Moving from Legacy Software to Data Intelligence

Business success today requires intelligent technologies to ensure process efficiency, recognize trends, mitigate risks, and automate repetitive tasks. Implementing smart technologies has, therefore, become an important growth strategy. Before investing in sophisticated and (often) cloud-based data-intelligence solutions, organizations must determine whether their business ecosystems can support such capabilities.

For the past several years, legacy infrastructure (comprising of outdated hardware, operating systems, ERPs, CRMs, etc.) has become incompatible with modern information technology applications. It is, therefore, unable to meet the information needs of businesses or support business innovation. Other issues also emerge, such as high expenditure due to lower productivity and operating costs, greater susceptibility to security threats, poor employee experience, lack of speed, etc.

Data Intelligence

A significant challenge arises when the legacy IT infrastructure prohibits integration with advanced data intelligence services or limits the utilization of the full potential of data. This can occur due to-

  • The nature of the IT infrastructure. Owing to the limitations of legacy ERP, large organizations rely on an extensive IT infrastructure, from ERPs to specialized software, to manage their diverse processes – customer relationship management, demand planning, pricing management, production planning, etc. Such systems may abound across departments and geographies. Consequently, several complications emerge:
    • Lack of standardization– Different ERP or CRM systems may have different standards of data entry and management. For instance, products with colour or size variations may be defined as a single SKU or different SKUs, or the same product may be listed in different ways in different systems – SKU123, SKU 123, Sku123, SKU-123, etc. Similarly, process-specific differentiation may occur such as packaging requirements varying for different geographies. This makes data consistency and accuracy hard to maintain and a singular view and control difficult to establish.
    • Lack of access to high-quality data – An ERP sprawl, especially one that is disjoint or lacks a centralized data management protocol, often suffers from inaccurate, inconsistent data scenarios. A misleading information scenario may occur when a data update in one system does not reflect across all systems. Such inconsistencies pose data accuracy challenges.
  • Hassle of integration. Managing the incompatibility with APIs, new applications, and modern cloud-based or SaaS solutions can be cumbersome requiring extensive and expensive code customization.
  • Lack of visibility and collaboration. Legacy software lacks the technical flexibility to update or sync or support diverse business processes. Consequently, key stakeholders in different geographies cannot communicate data or collaborate. Further, without a single view of existing capacities and constraints, businesses lack the responsiveness to sudden demand or supply changes, even with advanced capabilities.

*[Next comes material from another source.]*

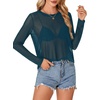 image:imageLYANER Womens Sheer Mesh Long Sleeve Round Neck Sexy See Through Blouse Shirt TopTeal Blue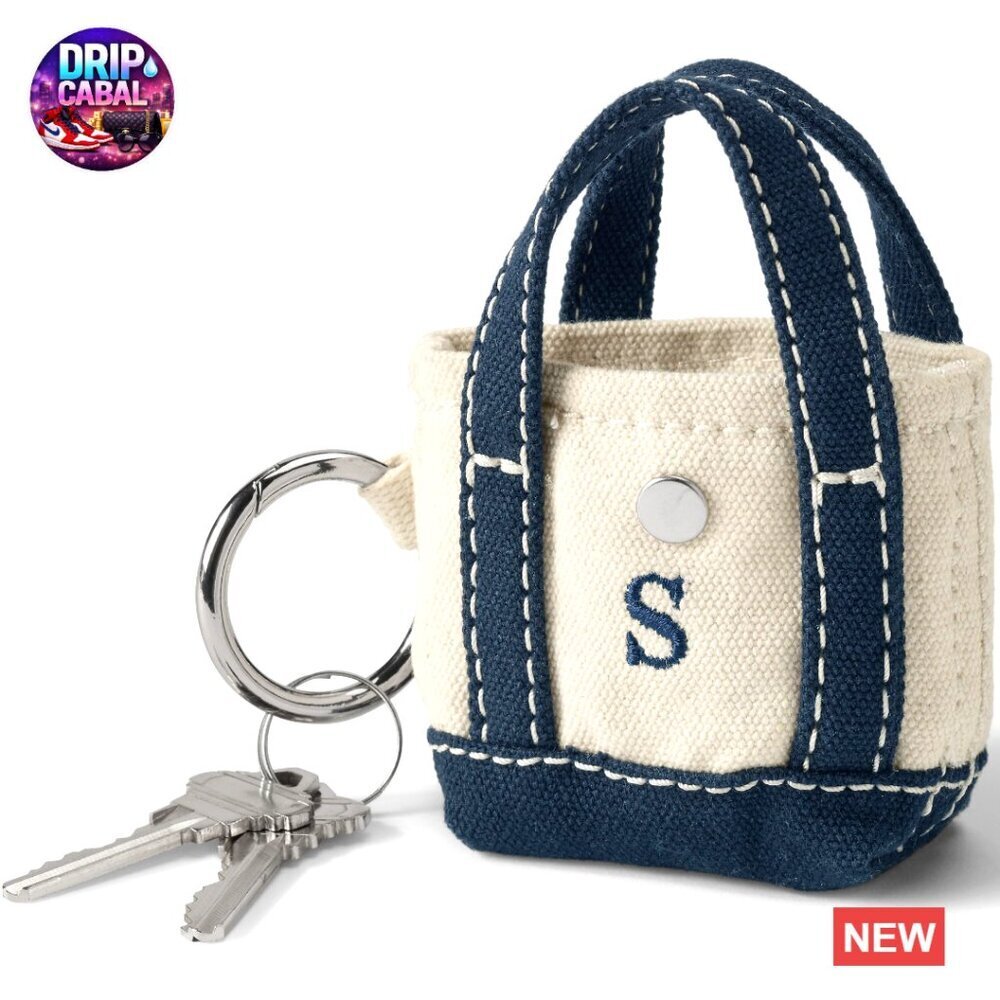 Canvas Tote Mini Shoulder Bag Classic Preppy Chic Snap Closure Pre-Monogram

Such issues of legacy systems establish them as bottlenecks of performance. Yet, for reasons varying from a resistance to change and misplaced loyalty to training and investment hurdles, many businesses continue operating their legacy systems, often with massive customizations and adaptations.

Moving Towards Advanced Data Intelligence

In recent years, the increased utilization of AI, IoT, and data analytics capabilities in the supply chain has served to deliver top-line business growth and productivity. As per a Forbes Insights survey, 44% of the respondents from the automotive and manufacturing sectors stated the high importance of AI to the manufacturing function, with 49% considering it to be critical to success.

Given the many drawbacks of legacy systems and the massive potential of advanced data intelligence services, it is wise that businesses rethink their organizational priorities. Effort must be taken towards modifying the IT infrastructure towards a more AI-centered approach.

To align businesses towards AI, organizations must take a combination of initiatives from eliminating redundant software, hardware, and other legacy systems to adapting and updating their IT systems and integrating with specialized AI/ML solutions. This includes-

  • Supporting on-demand access to accurate and relevant data from anywhere or any source for enterprise-wide visibility.
  • Updating and cleansing data variations and redundancies, ensuring data quality, and upholding master data management to create a single version of truth.
  • Ensuring data sharing and collaboration across supply chain functions and geographies.
  • Establishing planning as a mission-critical activity and leveraging integration and optimization capabilities. To this end, SaaS products, such as Verdis, can offer enterprise planning solutions that integrate seamlessly with existing ERP solutions, support data management, and deliver planning optimization for complex scenarios.

Conclusion

Increasingly, the transformative potential of data and analytics is being realized and more and more businesses are alighting on the bandwagon of AI/ML as a means to furthering business growth. Although legacy systems have been the modus operandi till now, it is time that businesses take a hard look at whether these are limiting business performance and growth. Maybe their status from legacy to relic is long overdue.